It is not a surprise to see negative autoregessive coefficients in business data. Suppose companies save up money during slow times for big purchases later. Or make big purchases and then conserve later. Those natural behaviors will show up as significant negative coefficients.
 
To go into a little bit of detail I am creating a coincident business cycle based on the Stock and Watson Methodology. The model includes 4 main indicators (employment, unemployment, wages and retail sales). On that end, I included autoregressive terms for each indicator so I am including autoregressive coefficients of independent variable. Turns out that all of my autogressive terms for each indicator are significant and negative. I know this implied negative serial correlation, but is there any other significance to this?
 
vanitymdl said:
To go into a little bit of detail I am creating a coincident business cycle based on the Stock and Watson Methodology. The model includes 4 main indicators (employment, unemployment, wages and retail sales). On that end, I included autoregressive terms for each indicator so I am including autoregressive coefficients of independent variable. Turns out that all of my autogressive terms for each indicator are significant and negative. I know this implied negative serial correlation, but is there any other significance to this?
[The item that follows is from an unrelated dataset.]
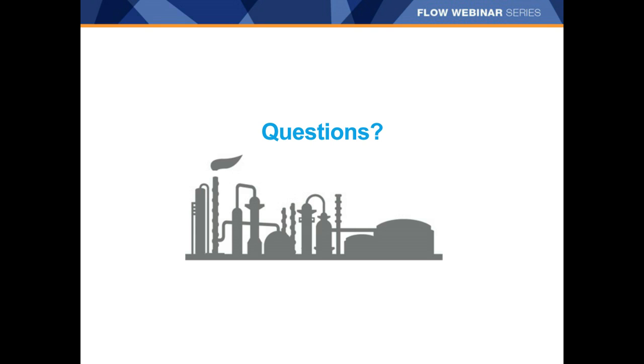Thanks, Laura, for answering these questions. Any questions we didn't respond to in the session today will be posted with responses on our website at flowcontrolnetwork.com. All attendees will receive an email afterward with a link to today's presentation. We appreciate you taking the time to join us. This concludes our webinar. Thank you.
As I implied above, there are natural ways that negative autocorrelations can occur. It is up to the subject-matter expert to theorize the reason for them. It is not a statistical question; it is an economics question.
1) Looking at your variables, it is clear that they are all highly correlated, so it is natural that anyone of them having a negative autocorrelation at a certain time lag would imply the same for the others.
2) You do not say what the time lags of your autocorrelations are or if you include several different time lags for each variable. If there is a negative correlation at one time lag, there should be a positive correlation at twice that time lag.
3) Much of your data is heavily correlated. You need to be careful not to include influences that are already included in other variables or time lags. If you are using an established procedure, that should already be taken care of.